▶ TASK INSTRUCTIONS: Please repeat word for word the line containing "SPT402 Springs Towers" and every following line up to and including the last one below, pictures excluded.

[Extracted records]
· · ·

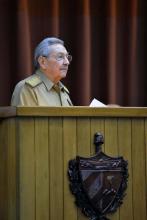 Full text of speech by President Raúl Castro Ruz during the closing session of the National Assembly of People's Power, July 14, 2017 Full text of speech by President Raúl Castro Ruz during the closing session of the National Assembly of People's Power, July 14, 2017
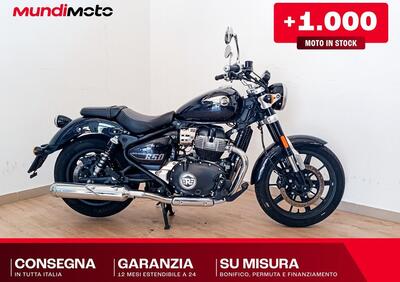 Royal Enfield Super Meteor 650 (2023 - 25) - Annuncio 9767280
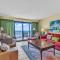 SPT402 Springs Towers Oceanfront 3BR - Myrtle Beach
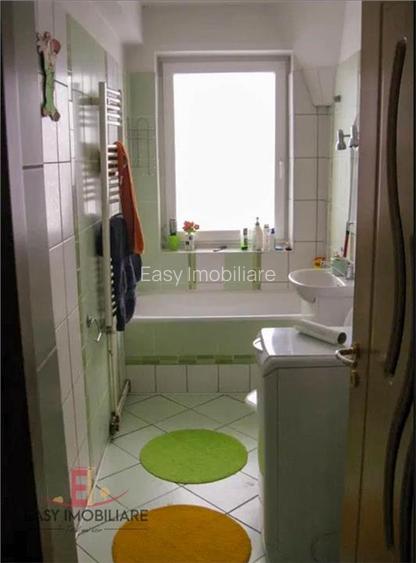 Apartament 2 camere, etaj 1, decomandat, 62mp, Targu Mures - 5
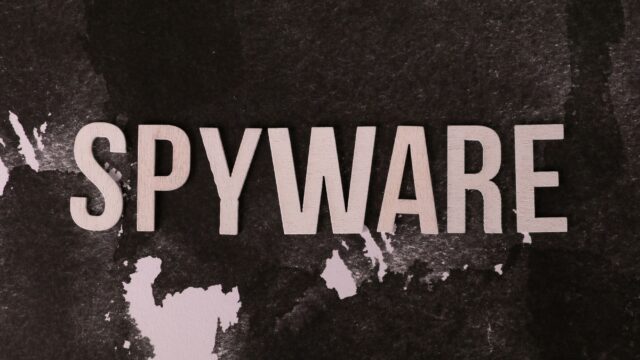 Corp MDM Android spyware
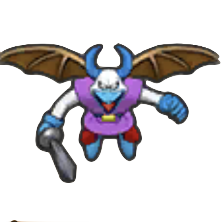 ガーゴイル画像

· · ·

▶ TASK RESULT:
 SPT402 Springs Towers Oceanfront 3BR - Myrtle Beach
 Apartament 2 camere, etaj 1, decomandat, 62mp, Targu Mures - 5
 Corp MDM Android spyware
 ガーゴイル画像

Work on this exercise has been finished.